Unlike the current OA offering, Puccini set La Bohème in Paris in 1837-8, and as with Tosca was specific about the scenes. The garret on the Left Bank, symbolic of starving poetasters ever since. The Latin Quarter cafe, the toll gate at the Barrière d'Enfer of Paris. He composed it, with librettists Luigi Illica and Giuseppe Giacosa, to premiere in Turin in 1886, fourteen years before Tosca. Toscanini (aged 28) conducted. History says it was not well received there - Wagner was the big fashion brand; but still, it established his reputation and fame as it quickly spread to opera houses worldwide. The story is based loosely on “Scenes of Bohemian Life” by French writer Henri Murger (1847-9). Britannica has a good synopsis, background and cast list.


Mimi (Angela Gheorghiu)

This opera has so many wonderful pieces it's hard to pick a short list - rather a contrast in style to the later Tosca. This page goes through the best of them with a good discussion and audio/video links to some of the greatest performers.

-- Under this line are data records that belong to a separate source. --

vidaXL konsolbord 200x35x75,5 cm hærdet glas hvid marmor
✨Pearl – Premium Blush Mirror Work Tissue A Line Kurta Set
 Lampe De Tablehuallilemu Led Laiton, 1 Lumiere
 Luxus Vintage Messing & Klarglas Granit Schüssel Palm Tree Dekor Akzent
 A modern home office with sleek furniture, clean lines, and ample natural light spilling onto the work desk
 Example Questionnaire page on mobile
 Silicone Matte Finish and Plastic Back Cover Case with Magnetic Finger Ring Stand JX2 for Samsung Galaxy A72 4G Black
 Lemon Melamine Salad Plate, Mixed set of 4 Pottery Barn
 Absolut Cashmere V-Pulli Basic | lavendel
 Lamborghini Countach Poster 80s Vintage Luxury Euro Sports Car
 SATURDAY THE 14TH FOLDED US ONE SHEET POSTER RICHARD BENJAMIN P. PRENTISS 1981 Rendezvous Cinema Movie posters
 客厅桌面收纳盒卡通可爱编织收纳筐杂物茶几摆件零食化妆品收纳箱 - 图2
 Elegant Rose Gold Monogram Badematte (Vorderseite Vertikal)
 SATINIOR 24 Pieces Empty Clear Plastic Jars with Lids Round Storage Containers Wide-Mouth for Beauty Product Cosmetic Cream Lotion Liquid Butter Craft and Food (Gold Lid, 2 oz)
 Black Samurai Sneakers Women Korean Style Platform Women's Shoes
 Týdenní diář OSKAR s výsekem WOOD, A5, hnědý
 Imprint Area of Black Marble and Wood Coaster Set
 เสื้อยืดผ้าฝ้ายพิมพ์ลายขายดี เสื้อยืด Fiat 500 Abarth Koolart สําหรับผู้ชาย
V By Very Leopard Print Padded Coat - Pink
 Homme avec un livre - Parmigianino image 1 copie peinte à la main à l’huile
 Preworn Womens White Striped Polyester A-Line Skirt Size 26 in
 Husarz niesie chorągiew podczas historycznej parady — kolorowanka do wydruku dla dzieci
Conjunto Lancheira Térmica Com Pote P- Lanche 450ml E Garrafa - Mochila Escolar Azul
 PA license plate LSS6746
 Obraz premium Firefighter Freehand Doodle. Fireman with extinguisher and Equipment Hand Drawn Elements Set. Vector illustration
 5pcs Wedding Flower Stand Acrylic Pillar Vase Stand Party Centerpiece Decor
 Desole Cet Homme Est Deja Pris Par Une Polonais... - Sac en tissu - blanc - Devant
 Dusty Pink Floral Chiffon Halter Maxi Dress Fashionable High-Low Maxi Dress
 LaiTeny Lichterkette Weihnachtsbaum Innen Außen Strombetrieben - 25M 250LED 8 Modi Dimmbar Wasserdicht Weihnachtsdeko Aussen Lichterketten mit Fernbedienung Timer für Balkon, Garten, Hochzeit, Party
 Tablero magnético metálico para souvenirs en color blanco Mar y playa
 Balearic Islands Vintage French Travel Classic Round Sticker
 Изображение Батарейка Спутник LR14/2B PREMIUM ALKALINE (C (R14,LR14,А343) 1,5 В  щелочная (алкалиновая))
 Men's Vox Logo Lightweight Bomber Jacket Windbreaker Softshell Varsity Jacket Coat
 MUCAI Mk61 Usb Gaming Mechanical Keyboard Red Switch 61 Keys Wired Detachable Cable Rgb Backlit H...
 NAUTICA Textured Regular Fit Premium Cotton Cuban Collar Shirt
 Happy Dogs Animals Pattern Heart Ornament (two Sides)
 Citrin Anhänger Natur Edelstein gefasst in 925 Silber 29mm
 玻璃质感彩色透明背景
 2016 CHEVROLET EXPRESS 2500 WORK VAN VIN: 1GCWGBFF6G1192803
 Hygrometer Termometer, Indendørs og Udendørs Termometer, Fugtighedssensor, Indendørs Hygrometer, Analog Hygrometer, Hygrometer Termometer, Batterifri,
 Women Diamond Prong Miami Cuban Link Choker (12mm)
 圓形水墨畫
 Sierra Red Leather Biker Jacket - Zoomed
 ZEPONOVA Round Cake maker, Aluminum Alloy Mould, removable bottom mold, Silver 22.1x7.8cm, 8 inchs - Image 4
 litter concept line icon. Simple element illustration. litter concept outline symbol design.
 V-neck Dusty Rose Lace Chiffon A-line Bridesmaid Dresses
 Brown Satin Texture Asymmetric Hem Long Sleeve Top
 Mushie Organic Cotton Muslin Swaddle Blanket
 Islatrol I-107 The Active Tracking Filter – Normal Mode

Musically it has always been popular though one does hear mutterings of "mawkish sentimentality", especially re Act 4. In Act 1, look for Si mi chiamano Mimi (They call me Mimi) - sung here by Nicole Car, and Luciano Pavarotti's rendering of Che gelida manina (Your tiny hand is frozen). In Act 2, the flirtatious Musetta sings Quando m'en vo (When I go along, aka Musetta's Waltz): compare on this link Anna Netrebko, Maria Callas, Kiri Te Kanawa, and other outstanding sopranos. The great, poignant, Act 3 quartet is Addio, dolce svegliare (Goodbye, sweet awakening) as Mimi and Rodolfo agree to part, with Marcello and Musetta quarreling in the background. In Act 4 the duet Sono andati? (Have they gone?) is a moment of sweet reminiscences against a mood of impending death. Here's Luciano Pavarotti and Mirella Freni.


But must we see the opera in the nineteenth century Romantic love-and-death framework (usually marked by the heroine's death from consumption)? Yes, La Bohème has all of that, but is there a deeper theme here? As we saw in Tosca Puccini can be placed thoroughly in the verismo dramatic style, gritty realistic stories of ordinary people in ordinary lives that go horribly wrong. His ability to draw real recognisable characters that change, develop, and fail is remarkable in all of opera.


Looked at through that lens, we have a story of little people enduring a hopeless poverty as best they can. Mimi, ill, looking for a protector; the four never-to-succeed "artists" pretending they have a future (or giving up on it); Mimi and Musetta resorting to prostitution as they must; and at the end nobody understanding how to deal with impending death except by pointless tokenism. The love of Mimi and Rodolfo is conditioned by their inability to care when care is needed (well, they'll try again until Spring). They recognise their own insignificance and isolation in an uncaring world, and see no way out. This, I think, makes the Romanticist slide into death even more poignant, because their constricted lives and indifferent world make it inevitable.


Our production comes from the New York Metropolitan Opera in 2008 - designed and produced by Franco Zeffirelli, and under the baton of Nicola Luisotti. Mimi (soprano) is Angela Gheorghiu - our Tosca in the Covent Garden production this month, Rodolfo (tenor) is Ramon Vargas, Musetta (soprano) is Ainhoa Arteta. The Zeffirelli production has been going on and off at The Met since 1963; latest incarnation is this season (with new cast of course!) Read this Observer review, which has quite a different view of what the opera is about than mine, above. What do you think?




The last words go to "cburrell":

"The closing pages of La Bohème are devastating. For the first time since the opera began, the orchestra falls silent for an extended period, so that we begin to hear stage noises, footsteps scuffling on the floor. The singers drop into spoken dialogue, frantic and halting. By these means, Puccini achieves something quite remarkable: he conveys something of the sheer eeriness of death. When it is done well, the effect is unforgettable."